The university’s relationship to the Bronx has not always been straightforward, but the university has stayed committed to the Bronx, for better and for worse. This is best illustrated by the 1960s and 1970s. The Bronx suffered under the complex economic and social ills that comprised the “urban crisis” more than New York City as a whole. And other institutions, notably NYU, left. But Fordham, like many Catholic institutions stayed. And helped provide support and resources to groups like the Northwest Bronx Community and Clergy Coalition. Of course, it remains a question whether the school could have departed easily. But its commitment to the Bronx is noteworthy, if something Shelley could have explored more.

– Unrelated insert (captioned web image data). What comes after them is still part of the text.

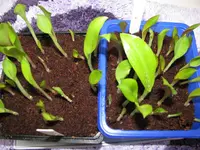 Cannas 2012-01-29.webp
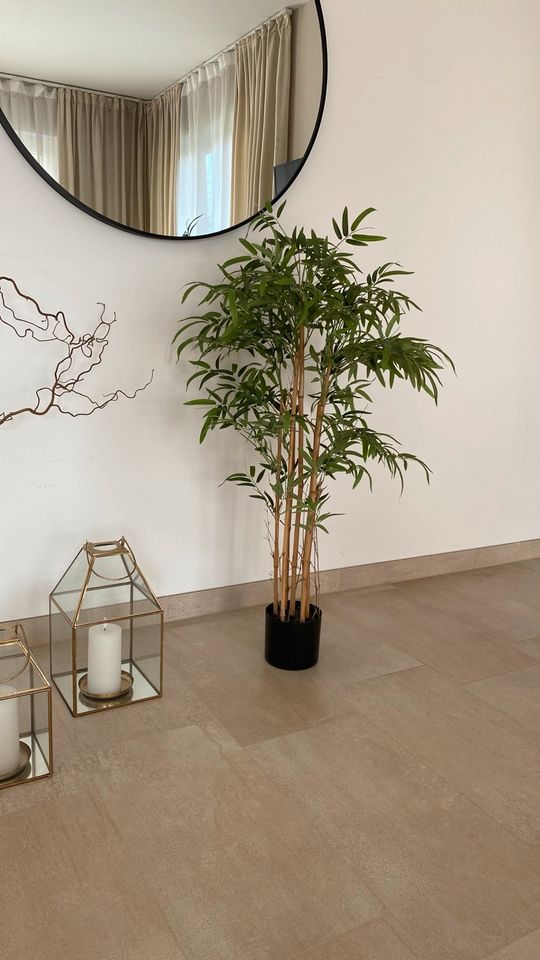 Kunstpflanze Bambus in Wandlitz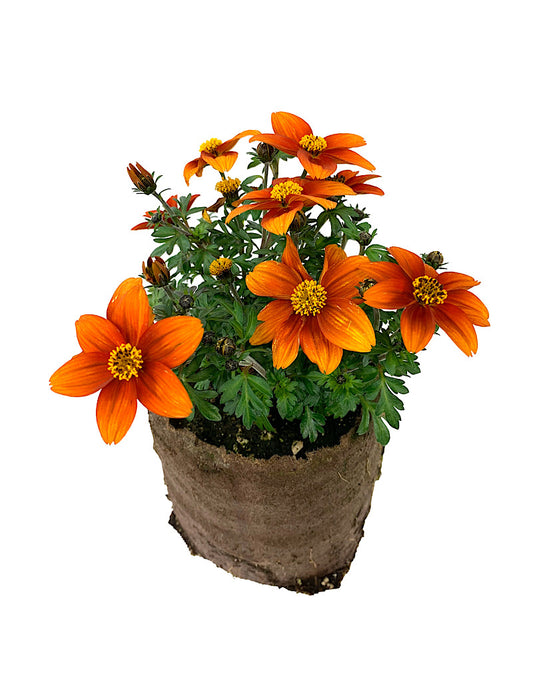 Bidens 'Bidy Bop Blaze'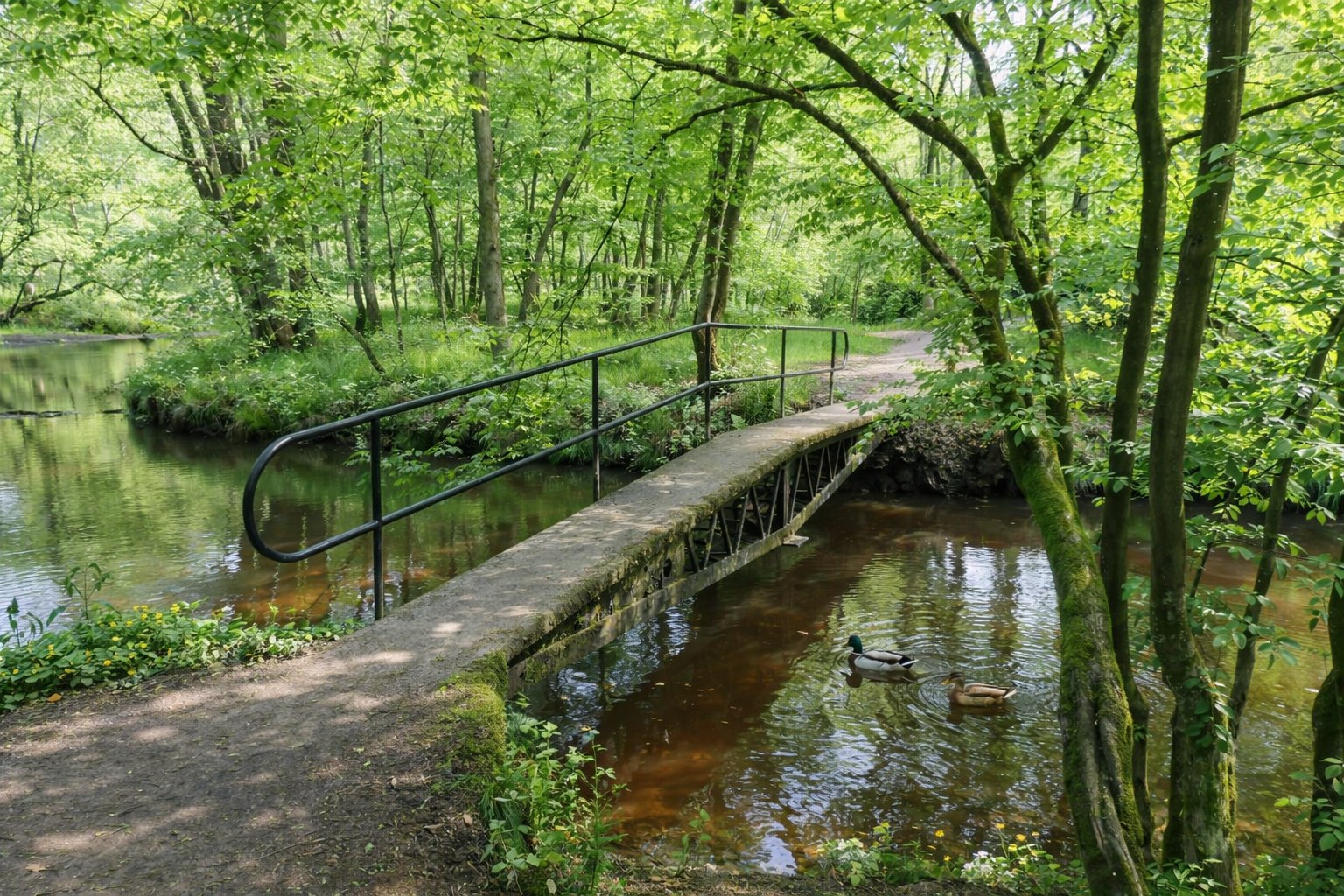 Leubeek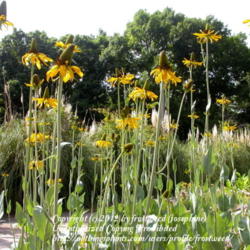 Location: Fort Worth Botanic Gardens
Date: Summer 2010
A lovely group of plants.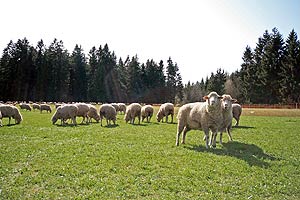 Auf der Oehle
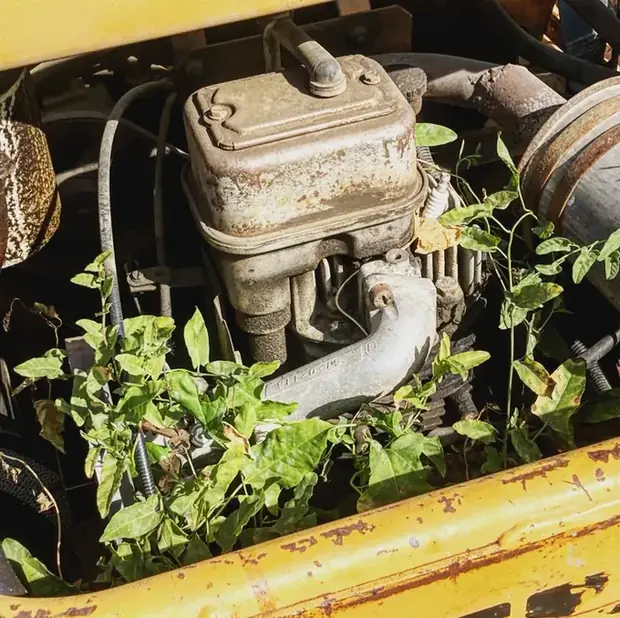 Small engine yard equipment repair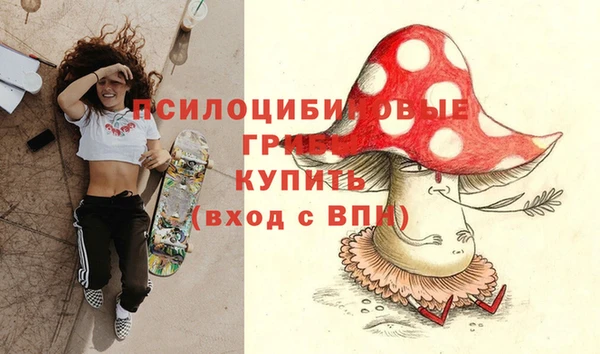 ALPHA PVP Ельня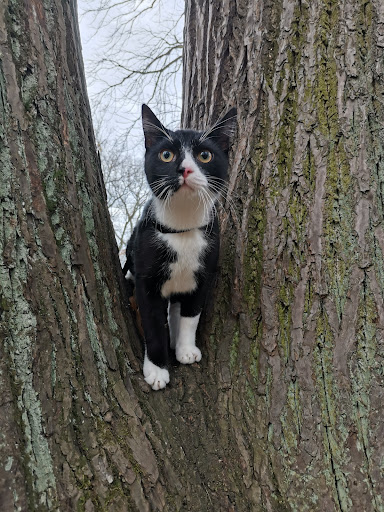 Kleintierpraxis am Großen Garten unter Dresden, Sachsen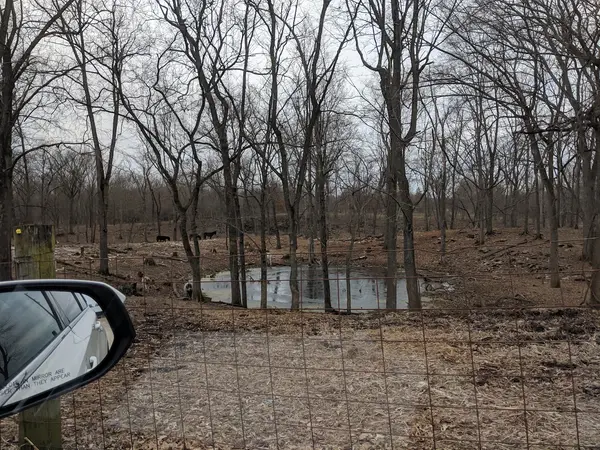 Lost River Game Farm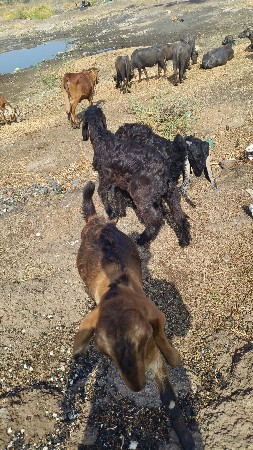 थंबनेल 3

On that note, the book is not without shortcomings. It is a pretty traditional history. The main actors are Fordham’s leadership: an array of professors, priests, presidents, and prelates. Students, the lifeblood of any educational institution, and their lived experience, are consigned to broad detail. They show up as collective units, in sports teams or as protesting “radicals,” but individual voices are few and far between, save for excerpts Shelley pulls from the student paper, The Ram.

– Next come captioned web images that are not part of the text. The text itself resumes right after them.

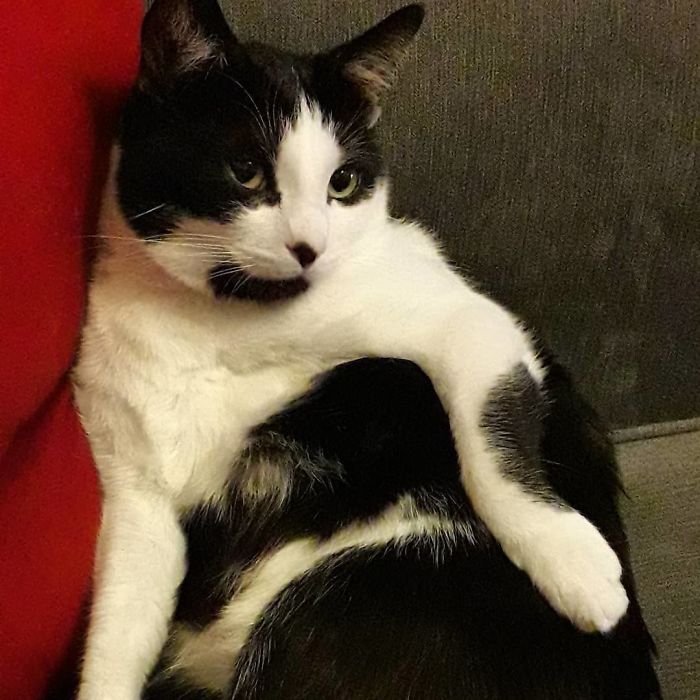 People Under Lockdown Are Using Window Signs To Talk To Their Neighbors About Their Cats, And It's Too Pure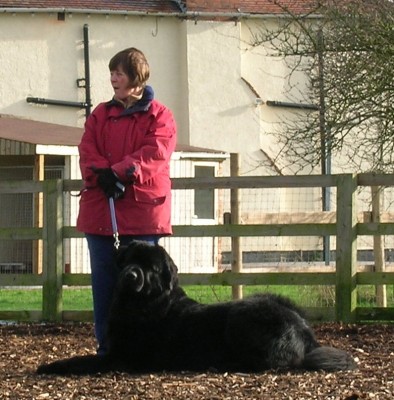 Dog in Down - (Devon)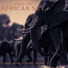 African Music Drums Collection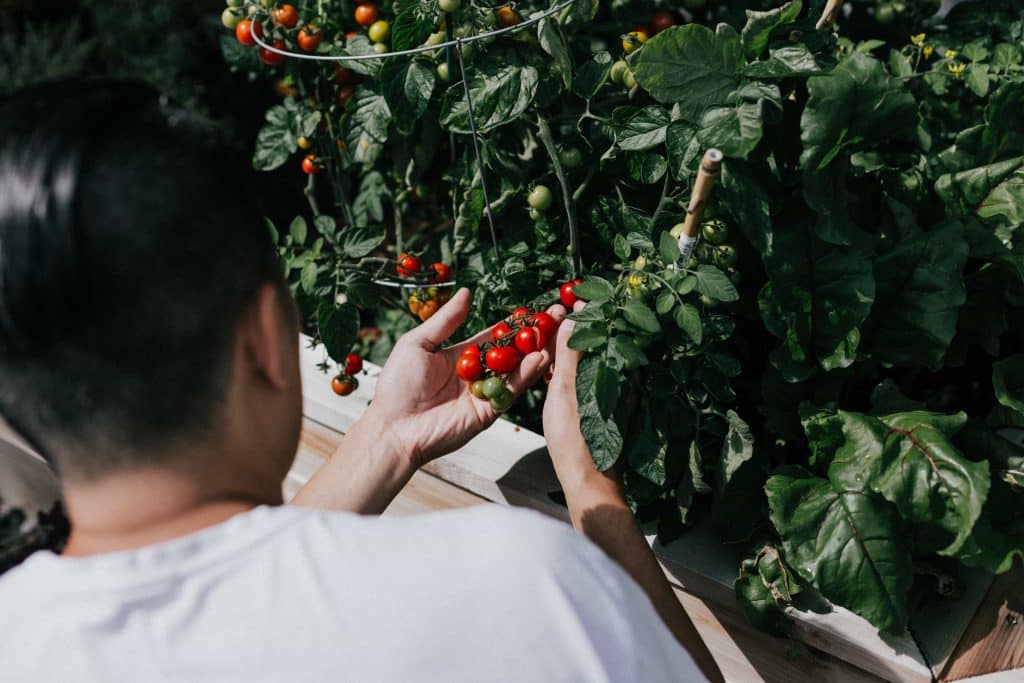 food trends in 2021| home grown ingredients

Further, the specific focus of such an institutional history means that much of the larger history of Catholic New York is found only in the background. Fordham’s rise to regional and later national prominence reflects a larger trajectory of the city’s Catholic community, as it shed much of its working class roots over the late nineteenth and early twentieth century. In this sense Fordham is a useful case study of that demographic arc, and how it played out in the Catholic university. But those looking for larger insights into the rich tradition of “Catholic New York,” a mosaic of influential institutions like the periodicals Commonweal and America or individuals like Dorothy Day, Thomas Merton, and the recently-deceased Dan Berrigan, S.J., will not find them here. A better starting point for that question would be Patrick McNamara’s more synthetic (and more manageable) New York Catholics (Orbis Books, 2014).
But these pitfalls are more a product of the genre. Overall the book is a remarkable achievement. And single volumes can only do so much. Fordham provides rich stories. As a resource, it will be of interest to non-Fordham alums interested by the history of Catholic higher education, and of Catholic New York.
Chris Staysniak is a PhD candidate at Boston College.